A one-off large withdrawal would be assumed to be a regular income payment and taxed at an incorrect higher rate. Savers then have to reclaim the overpayment. In the meantime, they risk being pushed into serious financial difficulty
Tom Selby, senior analyst at AJ Bell, says: “Given most people don’t fill out the reclaim forms, this is almost certainly the tip of a sizeable iceberg.
“It is time for the government to accept that, while the retirement flexibilities introduced in April 2015 have been well received by savers, the tax system that sits alongside them is simply not fit for purpose.”
Mr Selby wants a review of how retirement withdrawals taken using pension freedoms are taxed.
“People risk being left short of money as a result of HMRC’s approach and forced to either take out more cash from their pension, potentially paying extra tax in the process, or seeking the funds from elsewhere,” he says.
“The government’s failure so far represents a serious failure of policymaking which will inevitably have caused people distress and potentially significant financial hardship.”
Responding to the figures, an HMRC spokesperson says: “Nobody will overpay tax as a result of taking advantage of pension flexibility.
“Individuals can claim back any overpayment due to an emergency tax code being applied immediately and we will repay this in 30 days. Anyone who does not claim will be automatically repaid at the end of the year.”
Separate figures published by HMRC show the overwhelming appetite among savers to tax-manage their own pension withdrawals.
A total of £30 billion has been taken ‘flexibly’ from pensions using pension freedoms since they were introduced in 2015.
The average amount taken out each quarter per person has fallen, however, and now stands at £7,250.
This suggests people are phasing their withdrawals to minimise the amount of tax they have to pay.
Withdrawals peak after the start of the new tax year as individuals ‘smooth’ their withdrawals to avoid paying unnecessary tax by taking their money out in a larger lump in a single tax year.
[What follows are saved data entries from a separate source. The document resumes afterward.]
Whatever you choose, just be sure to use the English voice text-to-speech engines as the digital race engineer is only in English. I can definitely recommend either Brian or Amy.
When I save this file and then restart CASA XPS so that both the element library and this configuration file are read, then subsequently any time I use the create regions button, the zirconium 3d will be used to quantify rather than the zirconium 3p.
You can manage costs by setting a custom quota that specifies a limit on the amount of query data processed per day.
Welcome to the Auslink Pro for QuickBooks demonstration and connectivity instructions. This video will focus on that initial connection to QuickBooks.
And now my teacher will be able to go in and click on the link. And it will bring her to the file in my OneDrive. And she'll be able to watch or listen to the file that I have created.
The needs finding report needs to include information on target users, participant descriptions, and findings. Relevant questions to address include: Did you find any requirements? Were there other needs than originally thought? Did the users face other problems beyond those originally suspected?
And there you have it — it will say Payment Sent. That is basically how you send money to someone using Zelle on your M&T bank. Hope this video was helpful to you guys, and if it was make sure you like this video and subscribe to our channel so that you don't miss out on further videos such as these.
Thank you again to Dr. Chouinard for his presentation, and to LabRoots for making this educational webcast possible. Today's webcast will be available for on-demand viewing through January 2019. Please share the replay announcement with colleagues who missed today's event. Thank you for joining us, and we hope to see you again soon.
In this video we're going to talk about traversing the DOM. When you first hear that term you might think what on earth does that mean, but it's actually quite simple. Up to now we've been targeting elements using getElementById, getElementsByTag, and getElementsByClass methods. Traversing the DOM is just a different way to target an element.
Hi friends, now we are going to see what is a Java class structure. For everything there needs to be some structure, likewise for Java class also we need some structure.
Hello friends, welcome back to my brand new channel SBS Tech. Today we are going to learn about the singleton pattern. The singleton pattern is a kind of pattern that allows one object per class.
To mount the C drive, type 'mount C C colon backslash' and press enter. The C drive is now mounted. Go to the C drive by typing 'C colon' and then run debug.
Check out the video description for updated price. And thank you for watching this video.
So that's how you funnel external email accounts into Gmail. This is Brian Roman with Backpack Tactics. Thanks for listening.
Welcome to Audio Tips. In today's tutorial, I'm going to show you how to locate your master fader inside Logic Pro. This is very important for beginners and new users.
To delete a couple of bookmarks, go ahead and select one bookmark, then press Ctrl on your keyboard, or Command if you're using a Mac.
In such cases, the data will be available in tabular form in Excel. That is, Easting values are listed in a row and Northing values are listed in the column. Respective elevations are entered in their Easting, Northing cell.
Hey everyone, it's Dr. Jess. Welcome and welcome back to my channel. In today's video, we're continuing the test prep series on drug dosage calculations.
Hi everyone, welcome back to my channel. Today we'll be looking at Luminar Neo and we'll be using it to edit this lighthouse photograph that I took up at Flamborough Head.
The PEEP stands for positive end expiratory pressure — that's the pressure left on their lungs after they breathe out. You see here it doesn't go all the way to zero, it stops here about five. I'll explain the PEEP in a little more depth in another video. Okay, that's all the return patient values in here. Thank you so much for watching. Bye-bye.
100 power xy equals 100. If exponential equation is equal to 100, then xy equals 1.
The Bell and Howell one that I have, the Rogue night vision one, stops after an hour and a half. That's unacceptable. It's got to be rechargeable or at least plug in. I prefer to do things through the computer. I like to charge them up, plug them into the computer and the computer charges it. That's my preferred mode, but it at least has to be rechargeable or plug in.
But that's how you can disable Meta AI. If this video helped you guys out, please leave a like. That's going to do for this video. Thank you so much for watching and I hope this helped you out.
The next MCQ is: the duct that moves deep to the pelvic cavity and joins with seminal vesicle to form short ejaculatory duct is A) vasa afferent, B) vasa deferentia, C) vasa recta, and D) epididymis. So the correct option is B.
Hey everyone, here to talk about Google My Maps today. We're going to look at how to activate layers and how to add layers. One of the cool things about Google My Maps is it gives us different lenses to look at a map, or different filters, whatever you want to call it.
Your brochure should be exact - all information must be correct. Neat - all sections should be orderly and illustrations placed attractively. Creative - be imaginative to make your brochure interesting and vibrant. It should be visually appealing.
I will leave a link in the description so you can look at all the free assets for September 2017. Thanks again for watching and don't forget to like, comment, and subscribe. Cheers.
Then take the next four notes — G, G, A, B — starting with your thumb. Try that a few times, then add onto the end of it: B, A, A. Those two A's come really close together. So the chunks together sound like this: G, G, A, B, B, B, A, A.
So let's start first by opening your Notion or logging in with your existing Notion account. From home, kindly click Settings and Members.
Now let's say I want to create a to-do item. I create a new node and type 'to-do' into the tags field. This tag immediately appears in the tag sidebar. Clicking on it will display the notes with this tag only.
Steve Webb, director of policy at Royal London, says: “There is evidence people are being savvy about the timing of their withdrawals, spreading them over more than one tax year to reduce their overall tax bill.
“But it remains the case that we need to increase the proportion of people who take financial advice or guidance before making decisions about how much of their pension to withdraw.”
Pension drawdown taxation
HMRC insist that providers apply a tax algorithm to drawdowns, which is fundamentally flawed. In essence, whatever the first withdrawal of the tax year amounts to, the formula multiples it by 12 to estimate your total withdrawals for the year. It does this even if the first withdrawal is made some time into the tax year. E.g. I made a first withdrawal in Month 4 and the formula was still applied.
You can apply immediately for a rebate, if you can find the form, which is rather buried in their website. Search for Form 50Z.
Finally, whilst HMRC prefers immediate payments to itself, via online transfer, it does not reciprocate. Response to a Form 50Z is quite quick, but repayment is much slower, and is eventually made by cheque, just to benefit their cashflow that little bit more!